Todd was distinguished in Carver v Saudi Arabian Airlines [1999] ICR 991 on the basis that the test as stated failed to have regard to the words “under the employee’s contract of employment” in Section 196 (2) of the 1996 Act. It was held that the question raised by Section 196(2) had to be determined by reference to the position as it appeared at the date of the contract from the relevant terms of the contract of employment, expressed or implied. We accept that the wording of the section, as construed in Carver, and the resulting exclusion from protection of employees who may have worked for some years in Great Britain, contributed to the decision to repeal the section.
Mr Moffett submits that, upon the repeal of Section 196, a reversion to the “base” test is appropriate. We do not accept that submission. The test was irrevocably linked to the wording of Section 196, and earlier legislation, and the concept of “ordinarily working”. It is not appropriate to a statutory regime which does not include the section. Nor does it comply with the test as now enacted, that is, whether the employment is in Great Britain, though the location of the employee’s base may throw some light on where the employment is.

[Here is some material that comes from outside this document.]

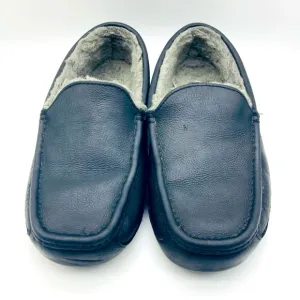 UGG Ascot Men's Black Leather Loafers 8/260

We accept the need for a degree of flexibility in applying the test. The Posting of Workers Directive provides protection in a jurisdiction visited. Protection in a jurisdiction from which there is a temporary absence is not necessarily excluded and the existence of the Directive points to the need for a degree of flexibility in deciding where the employment is. A dismissal during a single, short absence from Great Britain, for example, would not normally exclude the protection of the 1996 Act. In most cases it will not be difficult to decide whether the employment is in Great Britain; borderline cases will depend on an assessment of all the circumstances of the employment in the particular case. The residence of the parties may be relevant to where the employment is, but the emphasis must be upon the employment itself. That, we repeat, is the “legislative grasp” of the 1996 Act.
This case is concerned with the statutory right not to be unfairly dismissed. Different considerations will apply when contractual claims, for example for wrongful dismissal, are to be determined. Upon a contractual claim, the power to stay may arise, but we see no need to consider that point in the present case.
We allow the appeal and dismiss the claim.